2. Logistic Regression

arrow_back Back to Experiments

2. Logistic Regression

Aim

    To understand and implement the Logistic Regression algorithm for binary classification problems, and to analyze how it models the probability of outcomes using the logit function and decision threshold to classify data into distinct categories..

Understand the Logistic Regression Algorithm Before You Begin

Overview: Logistic Regression is an extension of the linear regression model used to predict categorical outcomes, especially binary classes(such as Yes/No or 0/1). Unlike linear regression, it models the probability of an event using a logit function, making it suitable for classification tasks.

In logistic regression, a decision threshold (commonly 0.5) determines the final class label.

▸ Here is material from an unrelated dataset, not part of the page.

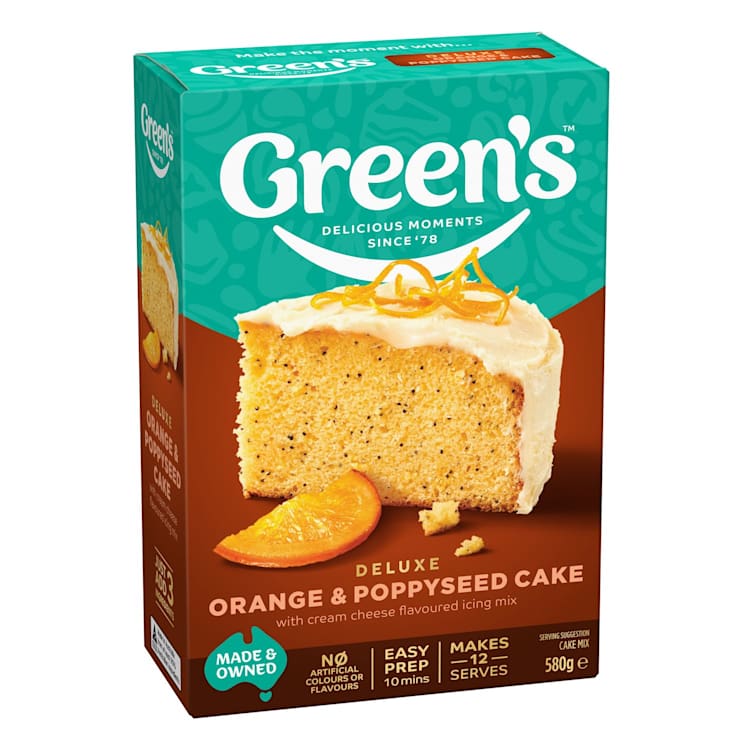 Green's Orange Poppyseed Cake Mix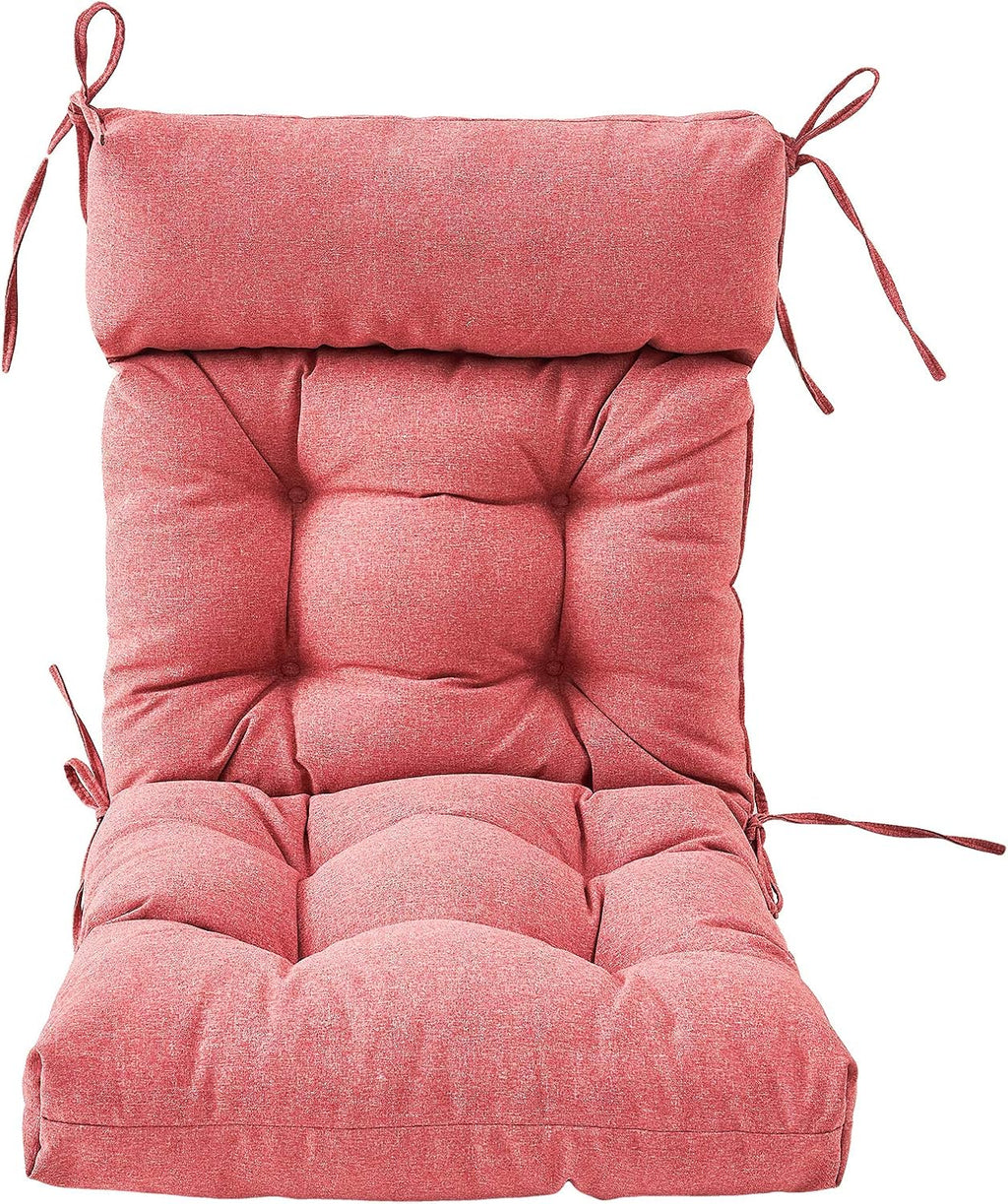 ARTPLAN Patio Chair Cushion,Tufted Adirondack Outdoor Chair Cushion,Wicker High Back Outdoor Seat Cushion,Set of 4, 44'X21'X4' (4 Pack)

Choosing this threshold carefully is important, as it affects precision and recall, which measure prediction quality.

Key Assumptions:
1. The dependent variable must be categorical.
2. The independent variables should not exhibit multicollinearity (strong correlation among predictors).

Further Understanding: Logistic Regression

Algorithm

  1. Load the Dataset: Load the diabetes dataset.
  2. Binarize the Target: Convert the continuous target variable into a binary variable based on the median.
  3. Split the Dataset: Split the dataset into training and testing sets..
  4. Standardize Features: Standardize the feature values.
  5. Fit the Model: Initialize and fit the logistic regression model.
  6. Predict Labels: Predict the labels for the test set.
  7. Generate Report: Generate the classification report using ‘classification_report’.
  8. Confusion Matrix: Generate and display the confusion matrix using ‘confusion_matrix.

About Diabetes Dataset

Ten baseline variables — age, sex, BMI, average blood pressure, and six blood serum measurements — were obtained for each of n = 442 diabetes patients, along with the response variable indicating disease progression one year after baseline.

Data Set Characteristics

  • Number of Instances: 442
  • Number of Attributes: 10 numeric predictive variables
  • Target: Quantitative measure of disease progression

Attribute Information

  • age — age in years
  • sex — gender
  • bmi — body mass index
  • bp — average blood pressure
  • s1 — tc, T-Cells (a type of white blood cells)
  • s2 — ldl, low-density lipoproteins
  • s3 — hdl, high-density lipoproteins
  • s4 — tch, thyroid stimulating hormone
  • s5 — ltg, lamotrigine
  • s6 — glu, blood sugar level

Source: Diabetes Dataset

Simulation

Predicting disease progression as a binary classification.

Pre-Lab Questions

  1. Define logistic regression and where it's used.
  2. Difference between logistic and linear regression?

Post-Lab Questions

  1. What is a confusion matrix and what does it represent?
  2. Explain any one performance metric used in classification.

Result

The logistic regression model was successfully implemented using the diabetes dataset with a binarized target. It achieved an accuracy of____________%, and the classification report and confusion matrix confirmed effective binary classification performance.